The instruction is objected to on the ground that it ignores material facts in the case. The following, which is not abstracted, appears in the record. In the examination of Ernst, Meyer’s landlord, the clause in the contract quoted. supra, providing that if Ernst should refuse to consent to the assignment of the lease, the contract should be void, was referred to by the court, the court saying: “How show me that provision in the contract. That is virtually all that is in this case, isn’t it?” To which Mr. Lanaghen,appellant’s attorney, answered, “ I think so.” The court then read the clause in full, and said: “ That is all there is in the case to go to the jury on, if Meyer refused to assign that lease, that ends the case.” Mr. Lanaghen: “ You mean Mr. Ernst.” The court: “ Mr. Ernst.”

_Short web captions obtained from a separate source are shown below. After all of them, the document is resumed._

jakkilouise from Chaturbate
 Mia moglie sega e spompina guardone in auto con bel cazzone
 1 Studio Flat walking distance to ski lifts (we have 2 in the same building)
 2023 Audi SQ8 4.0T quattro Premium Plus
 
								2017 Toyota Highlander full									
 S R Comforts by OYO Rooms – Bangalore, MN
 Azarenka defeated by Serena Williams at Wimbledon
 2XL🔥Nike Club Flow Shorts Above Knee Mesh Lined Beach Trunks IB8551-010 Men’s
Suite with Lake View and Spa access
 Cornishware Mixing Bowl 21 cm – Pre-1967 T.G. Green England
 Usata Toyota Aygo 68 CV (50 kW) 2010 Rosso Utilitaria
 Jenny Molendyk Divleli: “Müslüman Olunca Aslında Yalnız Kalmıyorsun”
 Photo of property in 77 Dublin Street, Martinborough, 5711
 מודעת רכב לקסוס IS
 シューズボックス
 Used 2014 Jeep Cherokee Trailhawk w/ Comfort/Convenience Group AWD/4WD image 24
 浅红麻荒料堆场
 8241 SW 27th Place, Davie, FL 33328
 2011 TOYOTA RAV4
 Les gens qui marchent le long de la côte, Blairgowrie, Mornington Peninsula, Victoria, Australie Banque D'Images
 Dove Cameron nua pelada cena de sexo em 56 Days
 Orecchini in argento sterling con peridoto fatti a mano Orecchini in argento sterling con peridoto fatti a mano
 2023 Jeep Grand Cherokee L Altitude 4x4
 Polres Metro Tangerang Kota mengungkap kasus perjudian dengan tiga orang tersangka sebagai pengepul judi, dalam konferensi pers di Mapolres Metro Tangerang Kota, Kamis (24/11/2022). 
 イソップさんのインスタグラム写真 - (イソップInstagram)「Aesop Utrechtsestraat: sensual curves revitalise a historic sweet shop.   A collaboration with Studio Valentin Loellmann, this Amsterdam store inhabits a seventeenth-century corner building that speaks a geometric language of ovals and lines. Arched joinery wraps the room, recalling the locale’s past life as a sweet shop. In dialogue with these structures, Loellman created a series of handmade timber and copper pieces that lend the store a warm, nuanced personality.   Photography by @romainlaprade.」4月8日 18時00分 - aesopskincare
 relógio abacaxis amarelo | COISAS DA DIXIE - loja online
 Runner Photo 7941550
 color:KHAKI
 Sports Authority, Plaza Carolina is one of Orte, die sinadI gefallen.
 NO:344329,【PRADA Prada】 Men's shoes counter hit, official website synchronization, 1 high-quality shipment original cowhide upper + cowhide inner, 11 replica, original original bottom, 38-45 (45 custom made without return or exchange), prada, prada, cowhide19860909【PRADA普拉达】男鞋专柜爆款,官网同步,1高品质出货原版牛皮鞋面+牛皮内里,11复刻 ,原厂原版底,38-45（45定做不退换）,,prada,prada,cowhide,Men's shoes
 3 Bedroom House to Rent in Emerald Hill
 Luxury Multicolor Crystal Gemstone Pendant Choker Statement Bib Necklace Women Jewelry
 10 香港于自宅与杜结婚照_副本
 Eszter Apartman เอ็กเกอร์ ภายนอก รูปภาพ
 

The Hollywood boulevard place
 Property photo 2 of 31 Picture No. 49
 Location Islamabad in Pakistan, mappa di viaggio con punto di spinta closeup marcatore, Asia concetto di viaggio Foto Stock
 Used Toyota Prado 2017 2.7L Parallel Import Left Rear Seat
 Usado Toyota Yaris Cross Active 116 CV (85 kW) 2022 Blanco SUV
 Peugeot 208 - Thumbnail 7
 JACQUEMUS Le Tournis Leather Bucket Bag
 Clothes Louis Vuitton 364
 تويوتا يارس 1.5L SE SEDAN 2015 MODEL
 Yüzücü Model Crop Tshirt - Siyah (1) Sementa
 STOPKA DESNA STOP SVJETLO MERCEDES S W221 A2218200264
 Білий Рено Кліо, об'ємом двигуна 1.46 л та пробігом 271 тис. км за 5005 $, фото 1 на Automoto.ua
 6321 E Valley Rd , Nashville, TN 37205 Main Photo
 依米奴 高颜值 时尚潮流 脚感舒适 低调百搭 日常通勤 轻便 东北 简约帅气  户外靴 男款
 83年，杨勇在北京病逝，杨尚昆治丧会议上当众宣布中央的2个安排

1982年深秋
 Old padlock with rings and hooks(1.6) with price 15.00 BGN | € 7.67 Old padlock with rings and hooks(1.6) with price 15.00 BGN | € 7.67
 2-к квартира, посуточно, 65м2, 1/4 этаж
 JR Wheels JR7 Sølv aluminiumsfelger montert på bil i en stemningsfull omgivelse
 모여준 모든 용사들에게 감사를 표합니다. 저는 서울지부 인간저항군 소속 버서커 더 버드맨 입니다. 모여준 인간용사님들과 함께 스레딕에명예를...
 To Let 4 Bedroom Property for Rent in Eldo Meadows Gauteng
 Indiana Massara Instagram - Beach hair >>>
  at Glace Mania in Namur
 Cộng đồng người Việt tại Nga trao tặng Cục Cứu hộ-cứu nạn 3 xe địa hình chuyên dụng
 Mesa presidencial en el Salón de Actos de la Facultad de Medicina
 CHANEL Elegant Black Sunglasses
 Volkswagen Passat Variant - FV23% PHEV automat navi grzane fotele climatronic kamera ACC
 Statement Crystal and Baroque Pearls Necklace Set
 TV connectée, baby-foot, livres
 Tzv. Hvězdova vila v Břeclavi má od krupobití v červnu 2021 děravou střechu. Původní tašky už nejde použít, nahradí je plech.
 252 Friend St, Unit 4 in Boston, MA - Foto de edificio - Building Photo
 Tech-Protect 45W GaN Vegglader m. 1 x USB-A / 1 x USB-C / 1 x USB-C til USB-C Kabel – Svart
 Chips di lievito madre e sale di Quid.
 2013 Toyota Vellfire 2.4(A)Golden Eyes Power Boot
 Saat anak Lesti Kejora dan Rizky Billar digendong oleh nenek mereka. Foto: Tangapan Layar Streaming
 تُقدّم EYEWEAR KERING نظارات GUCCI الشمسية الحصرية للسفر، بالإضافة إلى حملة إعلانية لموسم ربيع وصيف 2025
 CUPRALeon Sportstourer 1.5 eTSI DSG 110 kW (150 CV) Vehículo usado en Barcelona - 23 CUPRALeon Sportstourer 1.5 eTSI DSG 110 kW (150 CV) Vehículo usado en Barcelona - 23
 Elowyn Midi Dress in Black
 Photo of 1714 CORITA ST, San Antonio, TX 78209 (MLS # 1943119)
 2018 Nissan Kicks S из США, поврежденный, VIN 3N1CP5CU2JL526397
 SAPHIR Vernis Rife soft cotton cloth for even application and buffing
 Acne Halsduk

The appellant having, by his attorney, thus assented to the statement of the court that the only question of fact to •go to the jury on was whether Ernst consented to the assignment of the lease, is estopped to complain that the instruction made the verdict to depend on the decision of that question.

The verdict of the jury and the judgment are as follows:

“ We, the jury, find the defendant guilty and that the right to possession of the property in question is in the plaintiff, and assess the plaintiff’s damages at the sum of two hundred ($200) dollars.”

“ Therefore it is considered by the court that the plaintiff do have and retain the property replevied by virtue of the writ of replevin issued in said cause, and do have and recover of and from the defendant, O. O. Eowersock, his said damages of two hundred dollars in form as aforesaid by the jury assessed for the detention of the property herein, together with his costs and charges in this behaif as well as in the court below expended, and have execution therefor.”

The judgment is informal in so far as it provides “ that *402the plaintiff do have and retain the property replevied,” etc., and for this reason counsel object to it. The error is not substantial, and can not in the least prejudice the appellant, because the record shows that the property was not replevied, that the appellee has it not, and, consequently, can not retain it.